His hand snaking round her neck and yanking her forcefully towards him stopped the words. ‘Hold your tongue, you little shrew!’ he rasped. ‘Before I bite it off!’

‘I hate and despise you!’ she threw into his angry face.

‘You were warned,’ he muttered, and crushed his mouth down onto hers in a brutal kiss aimed at subduing all hint of defiance left in her.

Yet within the punishment was a dark, duplicitous intimacy that dragged pleasurably at her senses and took some fighting against to stop her from sinking greedily into the kiss.

She groaned instead, pretending he had hurt her.

‘You asked for it,’ he muttered as he drew away.

‘I got it, didn’t I?’ she muttered in return, pulling shakily out of his arms.

‘What surprises me,’ he struck back cruelly, his hand shooting out to capture her wrist then holding onto it so they could both feel the way the blood was breaking speed records as it thundered through her veins, ‘is how you were affected by it.
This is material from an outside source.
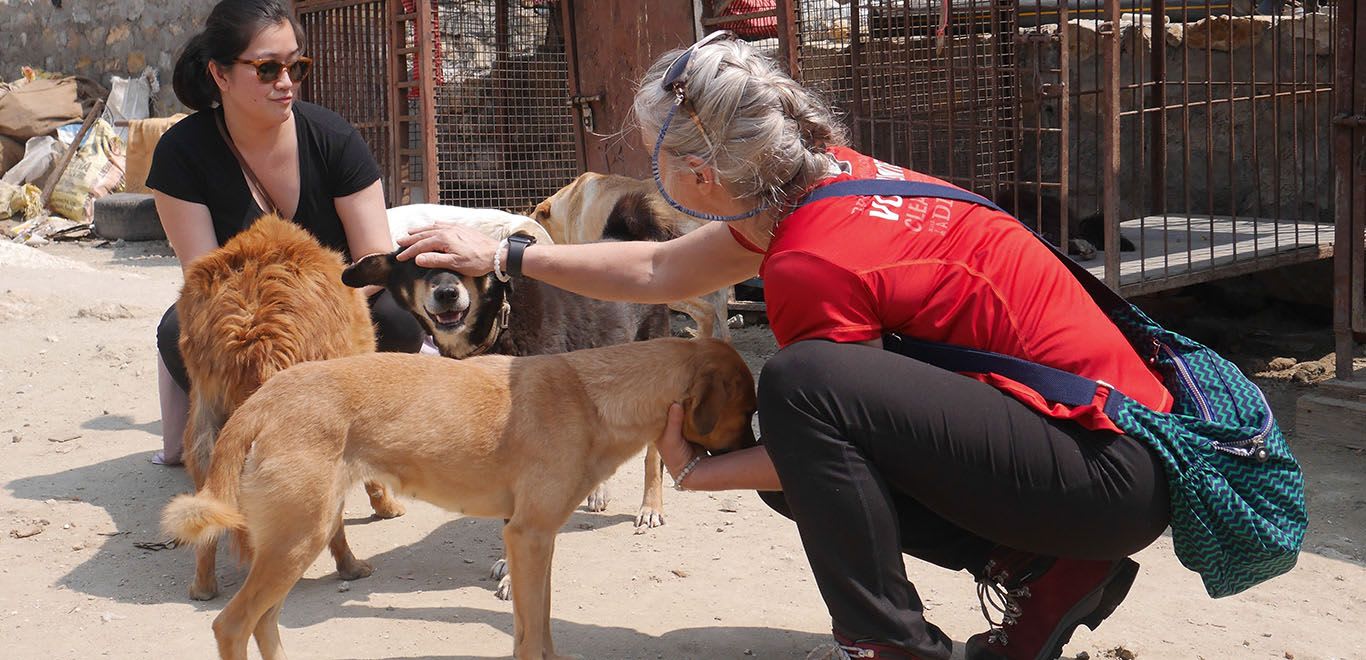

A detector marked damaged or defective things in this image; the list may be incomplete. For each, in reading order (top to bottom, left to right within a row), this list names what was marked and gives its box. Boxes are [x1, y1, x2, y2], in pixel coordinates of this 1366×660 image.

rusty metal bar [1098, 0, 1120, 291]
Could it be that you’re just a little in need of a man, Sara? Has the princess been locked up in her tower too long, and did last night’s little—taster remind her of what she once craved?’

‘Can you be so sure the tower has been locked?’ she retaliated, refusing point-blank to let him diminish her as he used to so easily.

His eyes glinted. ‘You’re damned right I can,’ he gritted. ‘I’ve told you before: what’s mine I keep. And I’ve kept you under surveillance enough to be sure no man has been near you.’

‘Except for my gaoler,’ she threw back at him deridingly. ‘In the end even you—hate yourself though you do for it—couldn’t keep your hands off me.’

‘I have the legal right,’ he declared. ‘If not the moral one.’

‘And the princess in the tower had the cunning to let down her hair for her secret lover to climb,’ she hit back, reminding him of the old fairytale.

His eyes narrowed. She held her breath, aware that she was prodding a very temperamental animal here yet, strangely, unable to stop herself—finding it exhilarating almost.

Then, deflatingly, he dropped her wrist and relaxed. ‘You have changed,’ he observed. ‘You would not have dared speak to me like this three years ago.’

‘Oh, yes,’ she agreed, subsiding angrily into the far corner of the seat. ‘I’ve changed. Grown up. Grown tough. What did you expect me to do, Nicolas?’ She flashed him a bitter look. ‘Remain the same gullible fool I was when I first met you? The one who thought you loved me above all others and would stand by me whatever was thrown at me?’

‘You were the one who took a lover to your bed,’ he reminded her. ‘Not I!’

‘And you were the one who threw me to the hungry wolves then dared to be disgusted with me when I cried to you for help!’

He threw her a contemptuous look, the disgust as clear in his eyes now as it had been three years ago. ‘I notice you don’t deny the charge of adultery,’ he jeered.

‘What’s the use,’ she asked, ‘when you refuse to believe me?’

‘Believe what?’ he derided. ‘Your lies?’

‘I never lied to you,’ she asserted.

‘Denying that swine’s presence in your room was no lie, was it?’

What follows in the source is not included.